[Web page caption snippets]
------------
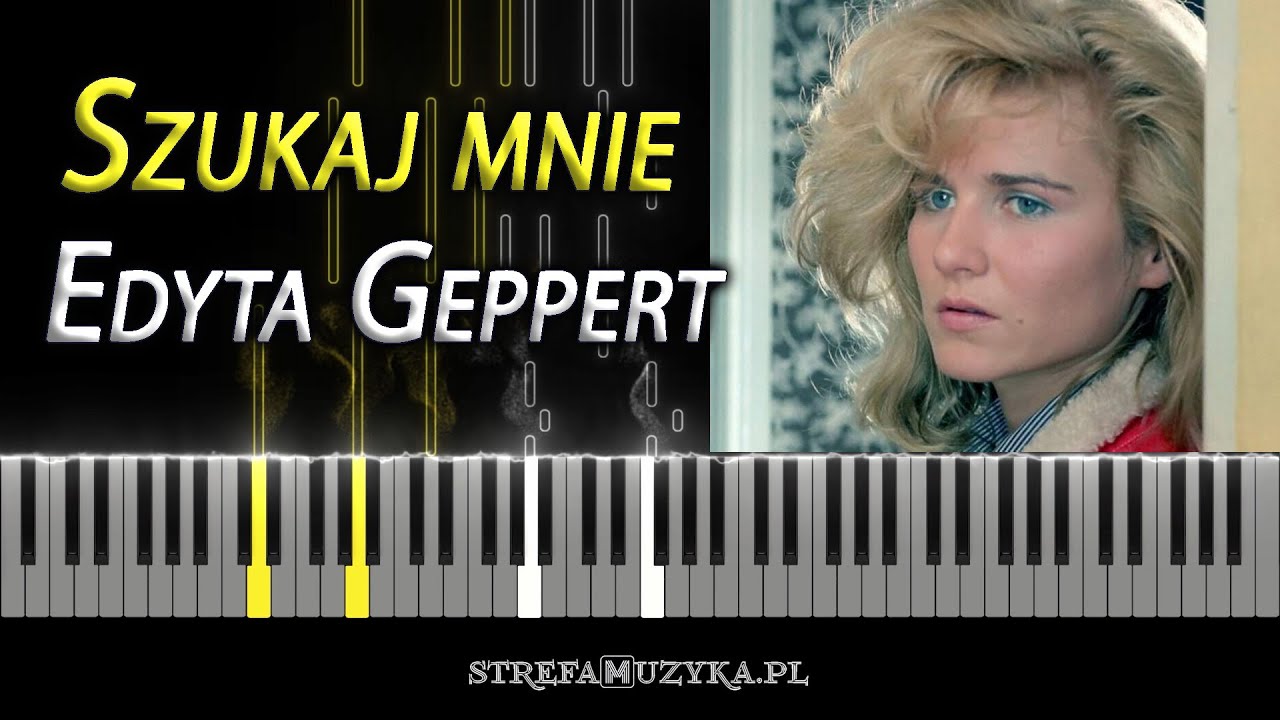 Szukaj mnie - Edyta Geppert / piano cover (NUTY) - YouTube Edyta Górniak Pragnij Mnie Na Zawsze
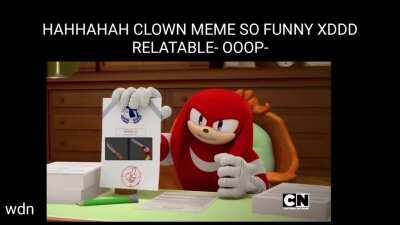 Hey kids, Knuckles highly disapproves of Clown meme, so don't use it or you'll be put in unfunny jail.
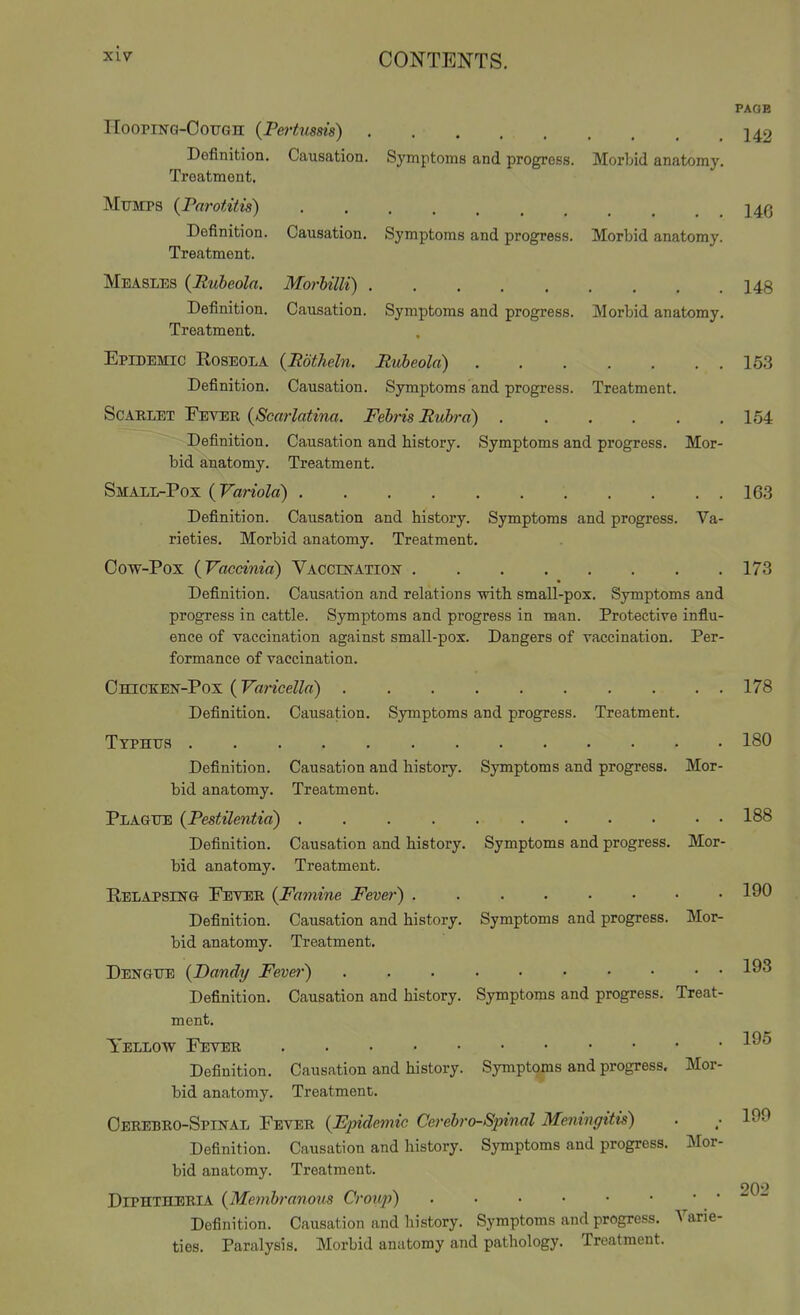 rioopiNG-OouGH {Pertussis) Causation. Symptoms and progress. Morbid anatomy, Definition. Treatment. Mumps {Parotitis) Definition. Treatment. Measles {Rubeola. Morhilli) Definition. Causation. Symptoms and progress. Treatment. Causation. Symptoms and progress. Morbid anatomy, Morbid anatomy Mor- Va- Epidemic Roseola {Rdtheln. Rubeola) Definition. Causation. Symptoms and progress. Treatment. ScAELET Fever {Scarlatina. Febris Rubra) Definition. Causation and history. Symptoms and progress, bid anatomy. Treatment. Small-Pox {Variola) Definition. Causation and history. Symptoms and progress rieties. Morbid anatomy. Treatment. Cow-Pox {Vaccinia) VACCmATiosr Definition. Causation and relations ■with small-pox. Symptoms and progress in cattle. Symptoms and progress in man. Protective influ- ence of vaccination against small-pox. Dangers of vaccination. Per- formance of vaccination. Chicken-Pox ( Varicella) Definition. Causation PAOB 142 146 148 163 164 163 173 Treatment. Causation and history. Treatment. Causation and history. Treatment. Symptoms and progress. Mor- Symptoms and progress. Mor- Mor- Symptoms and progress. Typhus Definition, bid anatomy. Plague {Pestilentia) Definition, bid anatomy. Relapsing Peter {Famine Fevei-) ...... Definition. Causation and history. Symptoms and progress, bid anatomy. Treatment. Dengue {Dandy Fever) Definition. Causation and history. Symptoms and progress. Treat- ment. Yellow Fever Definition. Causation and history. Sympt(^s and progress, bid anatomy. Treatment. Oerebro-Spinal Fever {Epidemic Cerebro-Spinal Meningitis) Definition. Causation and history. Symptoms and progress, bid anatomy. Treatment. Diphtheria {Membranous Croup) Definition. Causation and history. Symptoms and progress. Varie- ties. Paralysis. Morbid anatomy and pathology. Treatment. Mor- ]\Ior- 178 180 188 190 193 195 199 202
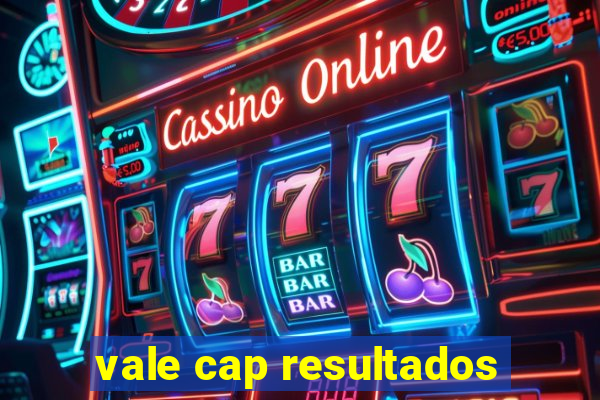 vale cap resultados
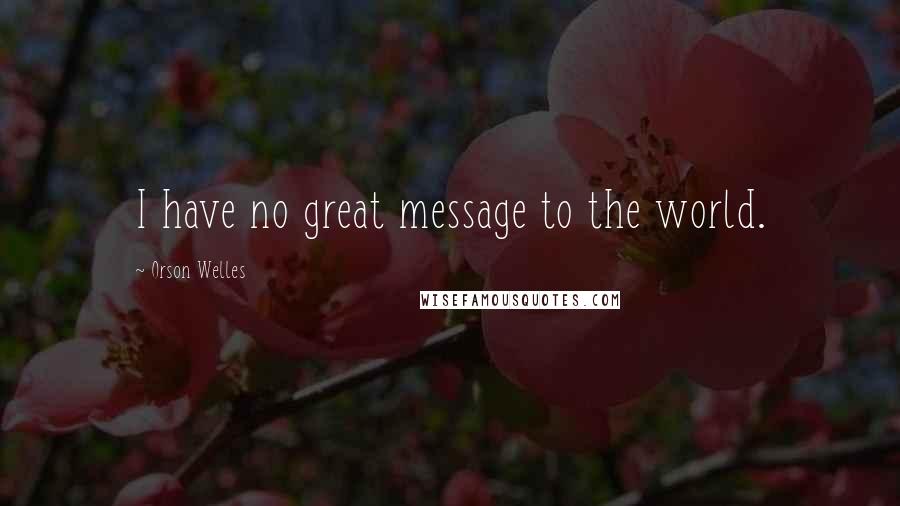 Orson Welles Quotes: I have no great message to the world.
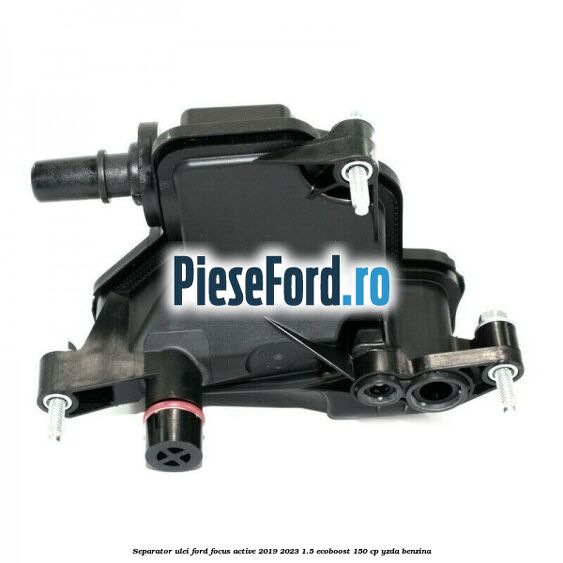 Separator ulei Ford Focus Active 2019-2023 1.5 EcoBoost 150 cp YZDA benzina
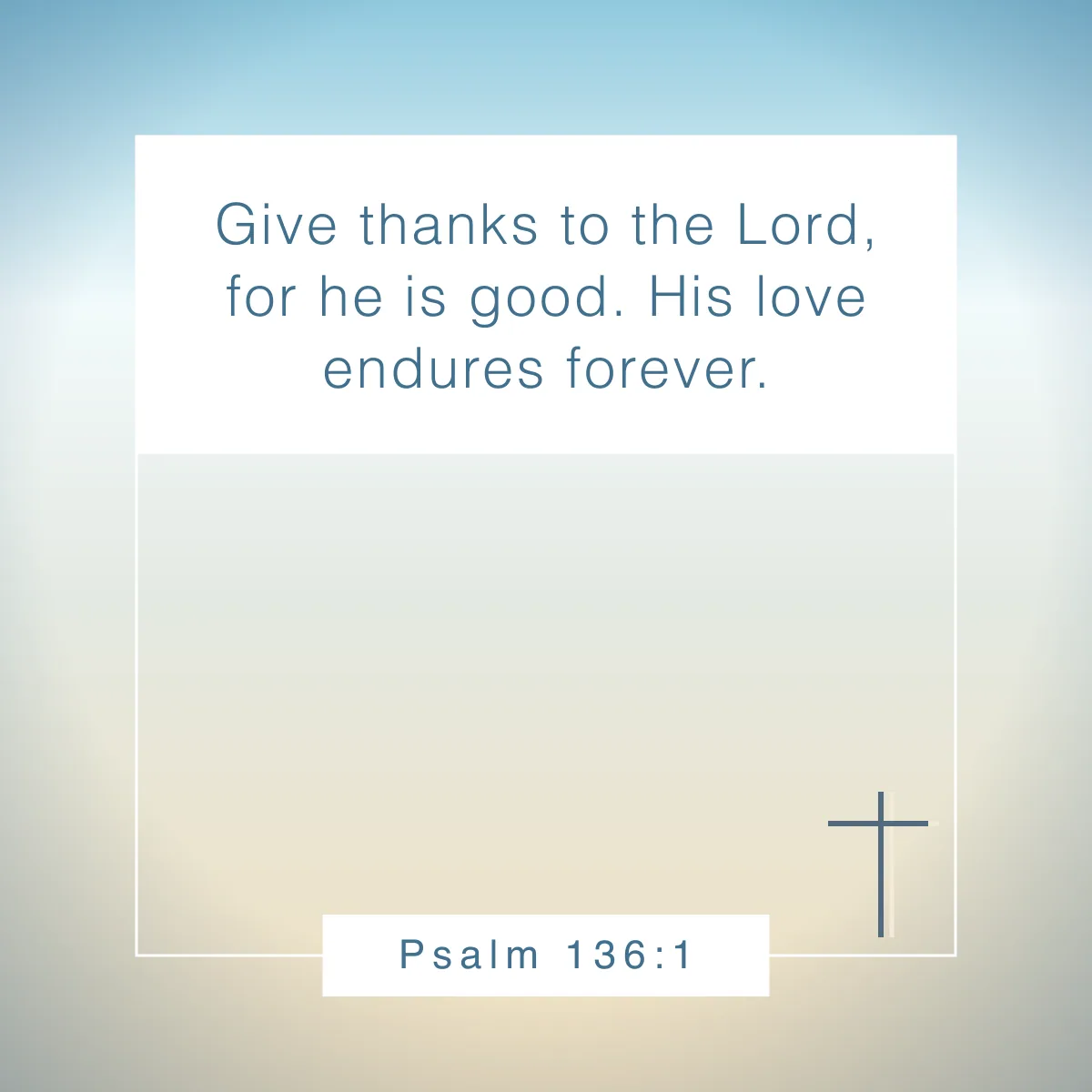 Psalm 136:1 Bible verse to help kids navigate life's challenges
------------
Task details
Each line from the first line of the records through the line containing "Hey kids, Knuckles" must be reproduced exactly, with both ends included and all pictures omitted; nothing else belongs in the answer.

Task output
 Szukaj mnie - Edyta Geppert / piano cover (NUTY) - YouTube Edyta Górniak Pragnij Mnie Na Zawsze
 Hey kids, Knuckles highly disapproves of Clown meme, so don't use it or you'll be put in unfunny jail.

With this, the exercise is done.